Atlas locos vary in quality. Some of their old ones were dogs, but newer Atlas can be excellent runners. Some Atlas locomotives have mechanisms that are actually made by Kato. This Japanese company is famous for excellent quality. I own many of their N-scale locomotives and they are all great, in my opinion. Kato also makes some HO-scale locomotives under their own brand name.

Intermountain, and Stewart, are also well-regarded brands of HO-scale locomotives. Both companies have used Kato drives in some of their locos.

Actually, you may find that nearly any model locomotive made in the last 5-10 years will run well. There has been tremendous improvement in running quality in recent years. 
You said you wanted factory installed DCC. I don't know if you want sound also. Many factory installed DCC decoders do not have sound. The reason is cost. A dc loco will be cheaper than a DCC loco, and a loco with both DCC and sound will be the most expensive of the three options. Beyond that the price differences are usually based on the amount of fine detail the locomotive comes with. 
That's about all I can tell you.

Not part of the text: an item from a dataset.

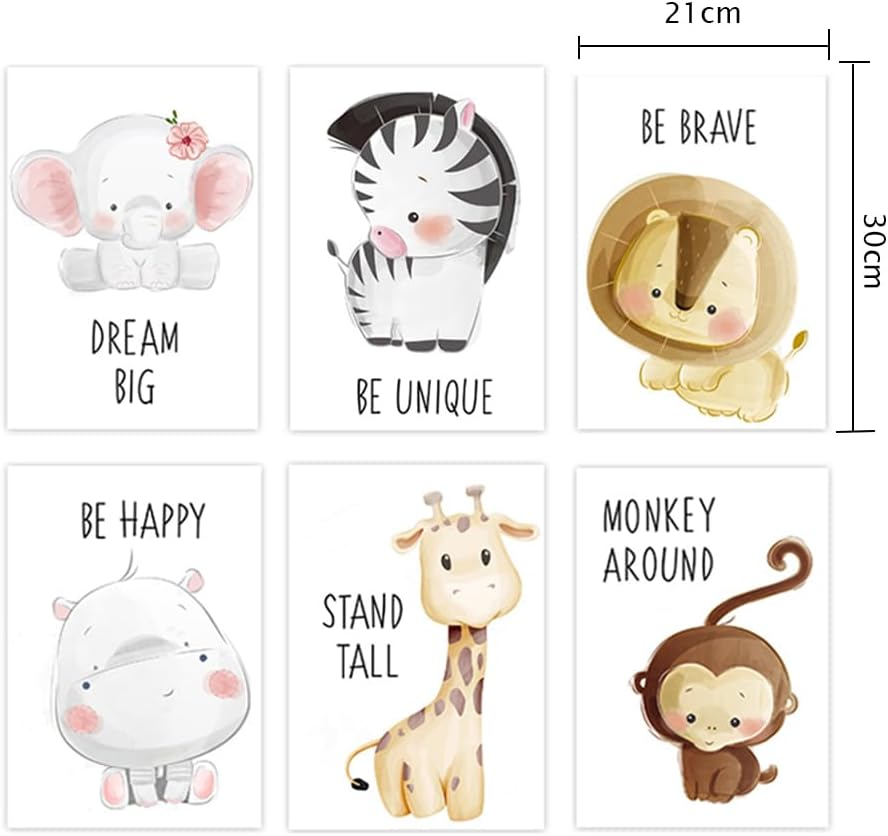 6 Pack Animal Painting,Nursery Wall Decor,Wall Hanging Painting,Unframed Cartoon Wall Murals,Art Print Wall Decoration,For Kids Living Room,Bedro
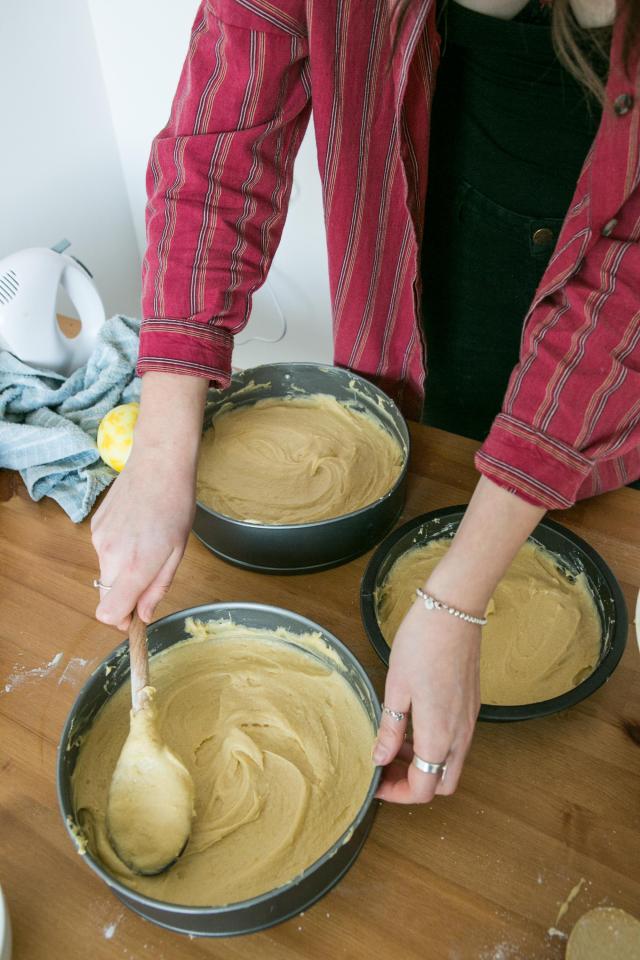  Once the batter is mixed then it's time to divide it into three oven-safe containers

I'll leave more advice to those with more recent HO-scale experience. 

Good Hunting;

Traction Fan:smilie_daumenpos:


----------



## GNfan (Jun 3, 2016)

Be aware that if that Athearn is an "in the Blue Box" it's a kit - the railings are unpainted wire you have to paint and attach; and you also have to attach some unpainted detail parts like the horn and bell.


----------



## DavefromMD (Jul 25, 2013)

Just a word of warning in buying model train items, particularly locomotives, on ebay. My rule of thumb is if the person doesn't seem to know anything about model trains, I won't buy it. I've been burned once on that. One way to tell is if that is all they sell, they most likely know what they are selling. If they sell a bunch of other stuff, chances are they are selling estate sale finds and don't know anything about what they have.


----------



## mesenteria (Oct 29, 2015)

If cost is your principal criterion, you'll get what you pay for.

If cost and serviceability are joint criteria, you'll still get what you pay for.

If cost, serviceability, and return policy are joint criteria, you'll also still get what you pay for.

If cost, serviceability, return policy, and the length of solid history as a seller are joint criteria............you get the idea.

Long way of saying we can't really help you since WE don't know anything about those things any more than you do. That's why some call it EvilBay. Ya pays yer bucks and ya takes yer chances. About the only relief you have is your credit card's warranty on all your on-line purchases, or in eBay's policy that might protect you if the item were falsely declared and described.


----------



## Old_Hobo (Feb 20, 2014)

The best way to shop for a used locomotive is to go to a local hobby shop that sells used, or a local train show; both places will allow you to see hands-on, test it, examine it, etc. Something you'll never be able to do on the internet....

But, you may not have those methods available to you, so all I can do is wish you good luck in finding your locomotive....


----------



## CTValleyRR (Jul 26, 2014)

I think the other guys have given you sound advice.

If cost is your only object, eBay might not be a bad source. But I would caution an inexperienced buyer against shopping for locos on eBay. Too many ways things can go wrong.

Be especially careful of "NIB" listings. I bought one, only to find that "NIB" meant, "the box hasn't been opened but it's been sitting in someone's inventory for many, many years."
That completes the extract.